KEY DATA: GDP: 2.2% (from 2.6%); Annual: 2.9%/ Pending Sales: -1%; Over-Year: -4.9%/ Claims: -5,000

IN A NUTSHELL:  “We’re back to trend growth, which really should not surprise anyone.”

WHAT IT MEANS:  The economy expanded solidly last year, but we could be looking at the end of near-3% growth.  Fourth quarter growth came in less than previously calculated, as just about every component was revised downward.  The only positive revision was a narrowing of the trade deficit. But it is looking like the slowdown that followed the 2015 surge may be nearly matched this year.  After peaking in the spring, we have had two consecutive quarters of decelerating growth and it is likely that we started off 2019 on an even slower note.  The tax cuts helped power growth last year, but the positive effects looks like they lasted for a much shorter time than most economists expected.  I thought we would get a more moderate slowdown and it wouldn’t be until this spring that trend growth would be hit.  We are there now.

One segment of the economy that faltered last year was housing and that weakness has been continued into this year.  The National Association of Realtors Pending Home Sales Index, which measures signed contracts not closings, fell again in February.  The level seems to be stabilizing, but not at nearly the pace we saw before 2018 or even at the 2018 level.  Undoubtedly, the limited supply is affecting sales rates, but we have complained about that for several years now, so don’t expect it to change soon. 

Jobless claims fell last week and are now back near historically low levels.  The craziness of the winter weather and government shutdown may have finally washed out of the numbers. 

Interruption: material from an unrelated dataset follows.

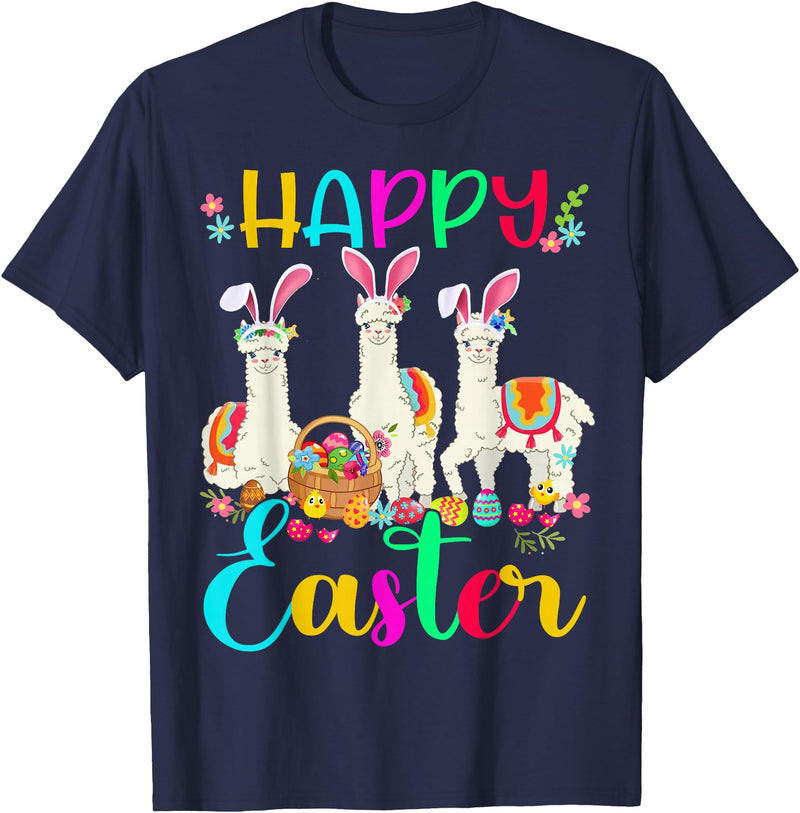 Happy Easter Three Llama Wearing Bunny Ear Happy Easter Llama Lover Three Llama Wearing Bunny Ear T-Shirt - Navy Blue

MARKETS AND FED POLICY IMPLICATIONS: There really is no difference between 2.9% and 3%, given the margin of error in the estimates, so don’t go using this number for any reason other than to say that growth was solid last year.  Still, you can only expand so fast and with labor market growth limited and productivity weak, it was only a matter of time before we got back to trend growth.  The fourth quarter 2.2% number is pretty much at trend.  Investors and the Fed members need to get their heads around that likelihood.Comment on yesterday’s January trade report:  The monthly trade deficit narrowed sharply in January and there are several explanations for that shrinkage.  Some say it was due to the tariffs, as imports from China fell sharply.  That is one likely reason, though I think it was due to something else related to tariffs: Hopes that a traded agreement would be concluded and the tariffs lifted.  That would have led importers to wait before landing their products in the U.S.  That way, their goods would not be subject to tariffs.  I expect imports from China to rise as we go through the next few months as the timing of a possible deal has become more uncertain.  Of course, if it were mostly due to the weakening growth, that would be something to worry about.